Cairnvost Howe – Meridian is a Scottish Charitable Incorporated Organisation based in Glasgow. We work across the southern approaches to the Campsie Fells, the Kilpatrick Hills above Bearsden and Dumbarton, and the Milngavie trailhead that marks the start of the West Highland Way. These are not remote, specialist mountains — they are accessible, varied, and genuinely wild in places, and they are reachable by bus and train from the city centre. Our job is to make sure that accessibility isn't theoretical.

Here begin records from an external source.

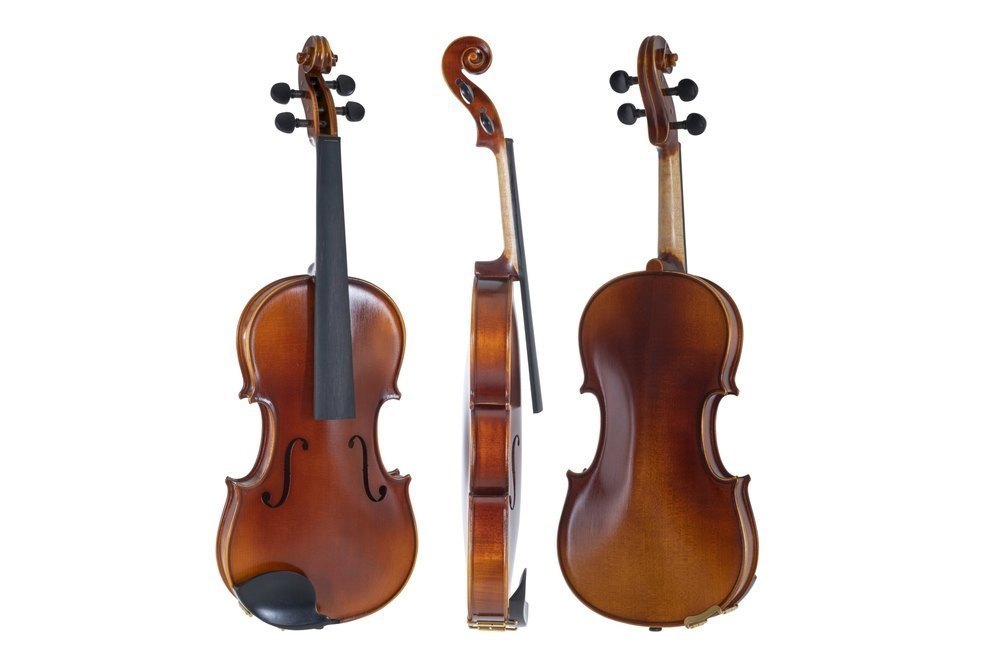 GEWA Allegro Violini 1/8, senza montaggio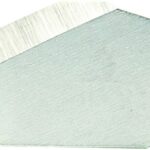 Lot de 5 lames classic pour de cutter # 1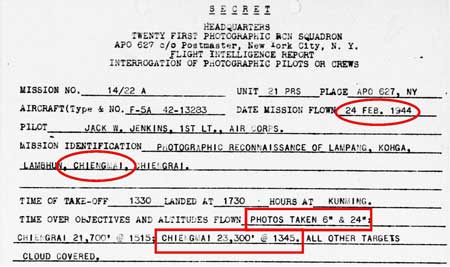 CNX aerial aerial 24 Feb 1944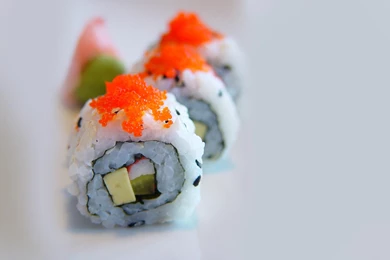 Fantastic Sushi Wallpapers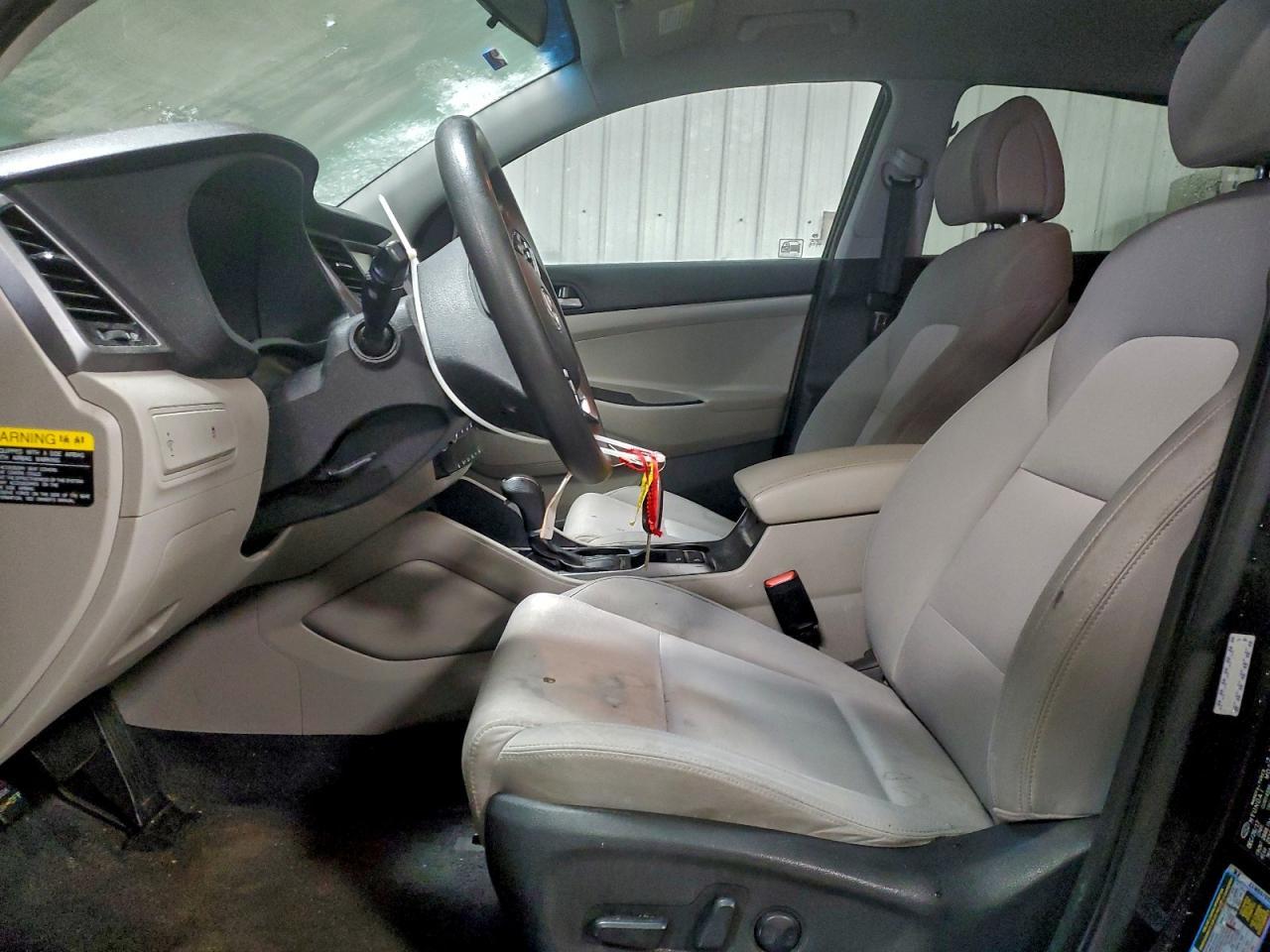 2018 Hyundai Tucson Sel - Фото 7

We run a structured programme of led walks across all four seasons, with routes graded by length, terrain, and navigation complexity. Alongside the walks themselves we deliver navigation coaching sessions — both standalone evenings using map and compass at a community venue and combined field days on the hills — and we offer a mentored progression pathway for walkers who want to build towards going out independently or qualifying as leaders themselves. Every element of our work is deliberately low-barrier: we charge nothing for walks, we lend kit where we can, and we design our schedules around people who cannot commit to weekday daytime programmes.
We are a volunteer-led organisation governed by a board of trustees who are active hill walkers themselves. Our walk leaders hold Mountain Leader or equivalent qualifications and are supported by a pool of trained walk assistants drawn from participants in our own programme. We receive grant funding from a range of Scottish and UK outdoor and health bodies and are registered with Volunteer Scotland and the Mountaineering Scotland volunteer walks network.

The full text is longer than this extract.